Brandon Truitt for greater good of WCU

Story originally published Nov. 28, 2016. 

“Anything I do at Western is for Western.”

Brandon Truitt is a senior communication and political science double major at Western Carolina.

Truitt’s most recent honor was to be chosen as the commencement speaker for graduation in December.

“I think that’s one of the highest honors I could receive as a graduating senior,” said Truitt. The commencement speaker was chosen by university representatives who are professors, Provost office representatives, and honors college representatives.  Graduating seniors had the opportunity to apply to be the speaker and the choices were narrowed down to three candidates.

Leading up to Truitt’s recent accomplishment, you could say he has been an involved student.

“I was thinking the other day, ‘how the hell did I get here?’”

During Truitt’s sophomore year, he came across Pi Kappa Phi.
“Those guys accepted me right out of the gate for who I really was,” said Truitt. “I think going through Pi Kappa Phi’s new member process really showed me that I can multitask and that I can be more successful than I ever thought here at Western.”

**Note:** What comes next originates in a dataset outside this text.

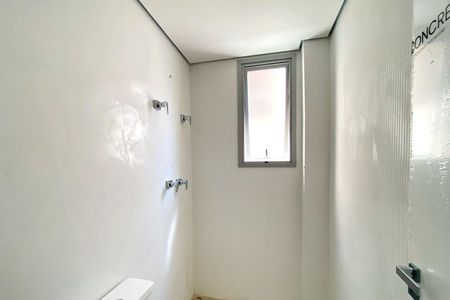 Casa de condomínio à venda com 175m², 3 quartos e 2 vagas Casa de condomínio à venda com 175m², 3 quartos e 2 vagasBanheiro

“He took initiative and always set a good example for the chapter from the very start,” said Will Walker, a brother of Pi Kappa Phi.  “He can always see things with a different perspective and open people’s eyes to something they may not have seen before.”

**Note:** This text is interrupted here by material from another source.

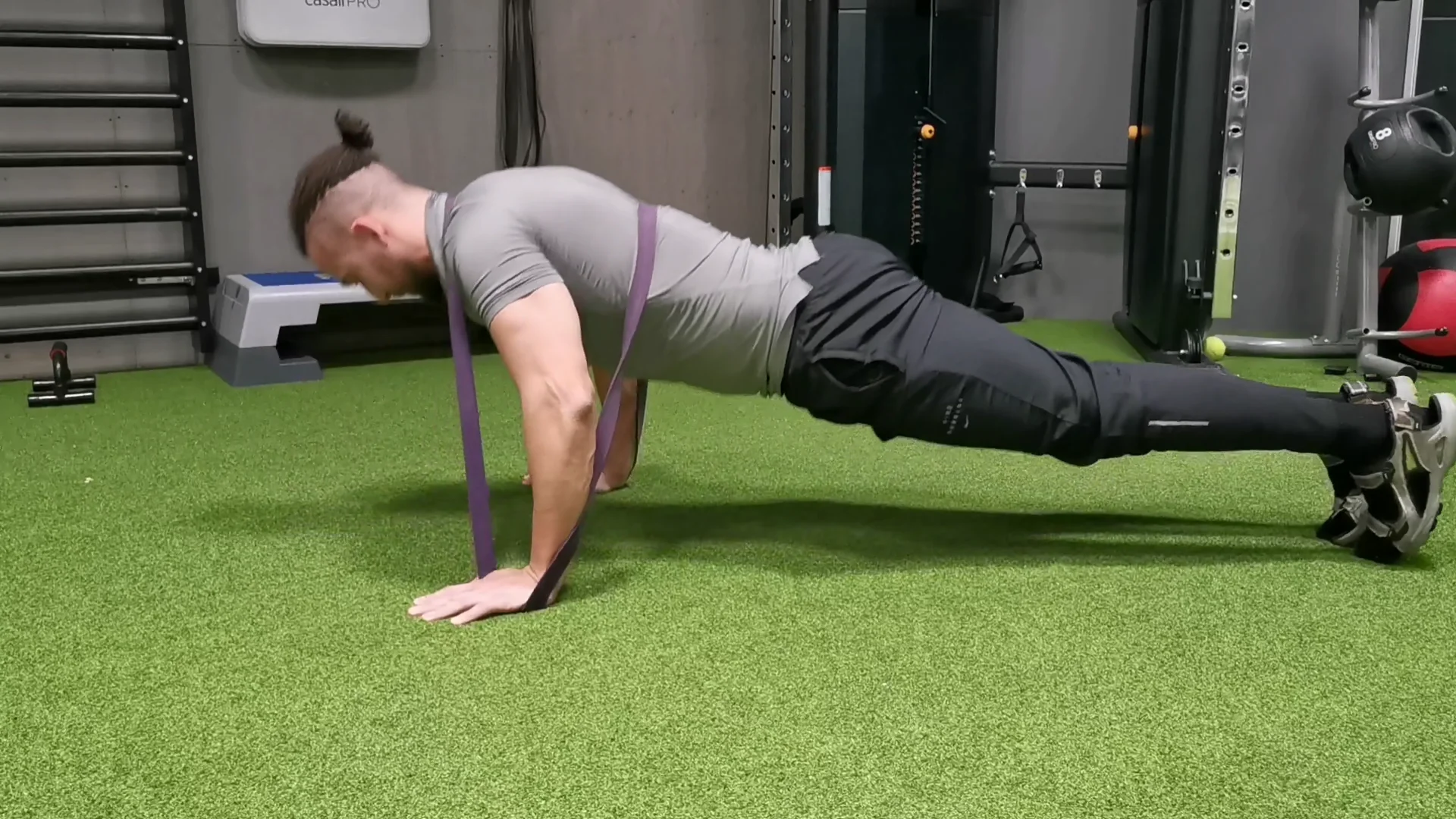 Push ups med strikk on Vimeo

While being a brother of Pi Kappa Phi, Truitt has served as head of recruitment and head of new member education. “It lit a spark within me to keep doing more,” said Truitt.

And so he did.

Truitt on set at Fox 5 Atlanta. Photo provided by Brandon Truitt.

Truitt on set at Fox 5 Atlanta. Photo provided by Brandon Truitt.

Truitt studies communication with a concentration in broadcasting. During his time here, he landed two internships – summer 2015 and 2016 – with WYFF News 4 in Greenville and Fox 5 Atlanta. In summer 2015, Truitt covered the confederate flag issue in Columbia sparked by the Charleston church shooting during his WYFF News 4 Greenville internship.

Truitt serves as a Chancellor’s ambassador to provide hospitality to guests at the Chancellor’s residence. This service is not only important to those guests, but also important to David Belcher. “We also work events for student academic awards, Board of Trustees dinners, and scholarship based fundraisers,” said Truitt.

One of Truitt’s main objectives at Western is to recruit students through several programs. “It has all been about giving back to this school.”

He served as an orientation counselor during his sophomore and junior year, 2013 and 2014. “When I started as an orientation counselor, I just wanted to make people find the school attractive and be on their top list for colleges,” said Truitt.

Pride of the Mountains has played a big role in Truitt’s life, whether it was the support system of the musicians and directors or the opportunities for recruitment. Truitt served as alto saxophone section leader his sophomore year, and this year will be his third year as drum major.

Truitt conducting the Pride of the Mountains marching band during a Catamount game day. Photo provided by Brandon Truitt.

Truitt conducting the Pride of the Mountains marching band during a Catamount game day. Photo provided by Brandon Truitt.

The Pride of the Mountains visited Florida Nov. 13-16 to perform at the Florida Marching Band Championships where thousands of students and parents watched this year’s production, “Whee See You”. With the NC promise legislation that just passed, this could be huge for WCU and the school of music.

“Recruitment wise, Florida was an incredible thing. I think we will see benefits from it,” said Truitt. “The students in the program are absolutely incredible, and Florida was a family effort. It’s the comradery that pulls off a product like that.”

When Truitt graduates in December, he will be ending his chapter with Pride of the Mountains.

“What I do hope I’ve done is inspire future leaders of the program to work hard and work tirelessly to have experiences like Florida,” said Truitt.

Truitt will start his career in less than a month as an alumnus of WCU. “I can graduate here knowing without a doubt that I was meant to be here.”

Truitt has served the WCU community for four years with nothing else left to finish. “The last thing for me to do is to just enjoy it – the campus, however smoke-filled it may be, and the people because that’s what I’ll miss the most,” said Truitt. “It’s not just about what you learn in classes, but every thing else you learn just through life in these four years.”